Her middle son, James, had her cremated that week; since then it’s taken some time to set a date for burying the urn with her ashes. We did that last Saturday at noon in Moose Jaw with close family and a few friends present. Afterward we met at a pavilion in the park for a lovely simple picnic lunch. I was really glad we went; visiting with the family brought closure to her death.

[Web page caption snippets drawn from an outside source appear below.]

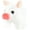 White, variant on Electric Pig Plush Realistic Toy, 2026 New Interactive Crawling Piglet, Electronic Plush Piggy Toy with Wagging Tail & Twitching Nose & Oink, My Pet Pig That Acts Like a Real Pigs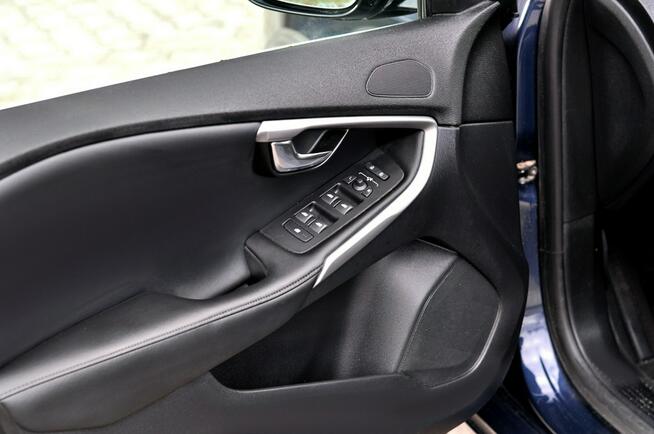 Volvo V40 1.6Hdi 115KM Navi Skóra Pdc Grzane Fotele Płock - zdjęcie 12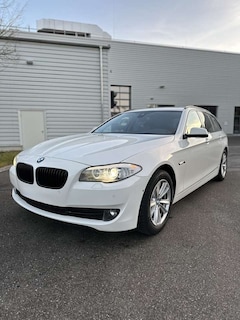 Bild des Angebotes BMW 530 530 d Touring F11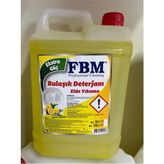 Fbm Bulaşık Deterjanı5kg - 5 lt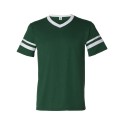 360 Augusta Sportswear Dark Green/ White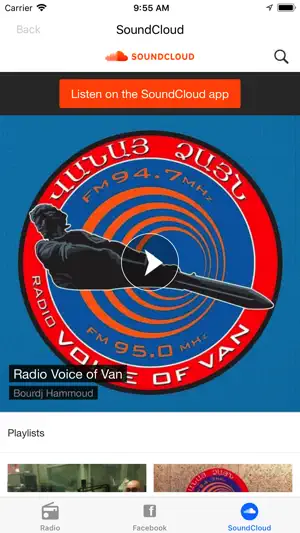 Voice of Van Live screenshot 3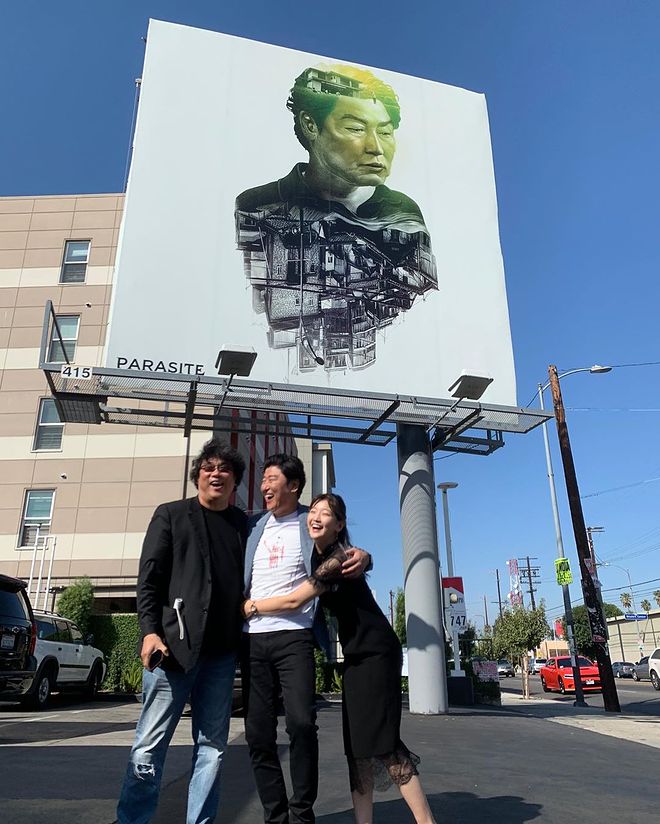  제한개봉 박스오피스 각종 기록을 갈아치우고 있는 기생충 미국 개봉 1주차 상황 - 박스오피스, 평단 반응 정리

My sister Rose died at the end of Dec 2019 and her husband wasn’t well. Both of them smokers since their teens, Rose had contracted lung cancer, was treated, but it spread and then she got an infection that took her.
I can’t say we knew her husband very well. We lived in the East for twenty of their married years and haven’t meet him very often since we’re back. Plus, Butch was the type that never has so much to say. But we knew his health hasn’t been good for some years; he suffered from serious emphysema and also was treated for bladder cancer in 2019. Now both problems have risen up to overwhelm him; last Saturday we all knew it wouldn’t be long until there’d be another funeral. We received word Tuesday evening that Butch had passed. He’d have been 69 in September.

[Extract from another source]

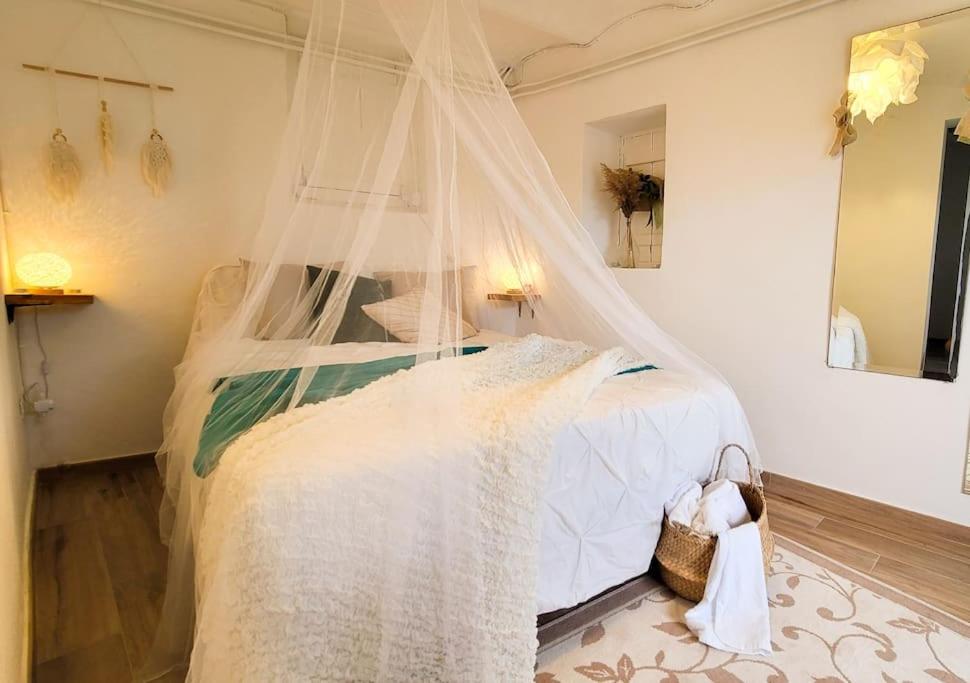 La Stalla, casa rustica nel ranch di cavalli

So this month seems to especially be our “season” for funerals and/or “Celebrations of life.”

A Day’s Journey

The Ragtag Daily Prompt this morning is TRAFFIC. Here’s a little verse in response:

rush hour traffic
streams of weary communters
snailing homeward

Today We Bury My Sister

Donna died of a drug overdose on November 28, two days after her 66th birthday. Her middle son, James, had her cremated within days, but it’s taken while to arrange burial of her ashes in her daughter Barbie’s grave. Barb died back in 1989, from what likely would have started as cervical cancer. A sad time for us all; Barb was just sixteen and full of life.

Being a Saturday morning, the traffic on the highway between here and Moose Jaw will probably be light. We’re to meet at the cemetery at noon to bury the urn holding Donna’s ashes, then we’ll have a gathering in remembrance, which will take the form of a family picnic in the park. I don’t expect it to be a large gathering, as she lived in her own circle of friends so a lot of her nieces and nephews hardly knew her.

Donna and I were close when we were young — as close as siblings can be when they live in different homes over 100 miles apart — but as an adult she and her family lived here in SK while we moved East and lived in Ontario and Quebec. Coming back to SK, I was only able to locate her a few times. So, sadly I’ve only seen her four or five times in the past thirty years — mainly at family funerals.

I haven’t had anything to do with her Rob & Jason, her oldest & youngest sons, since I spent a few days with Donna when Barb died. Sad when families get so estranged, but my husband and I chose a different path — lifestyle if you will — and lost contact with them. Hopefully we can get a bit more acquainted today.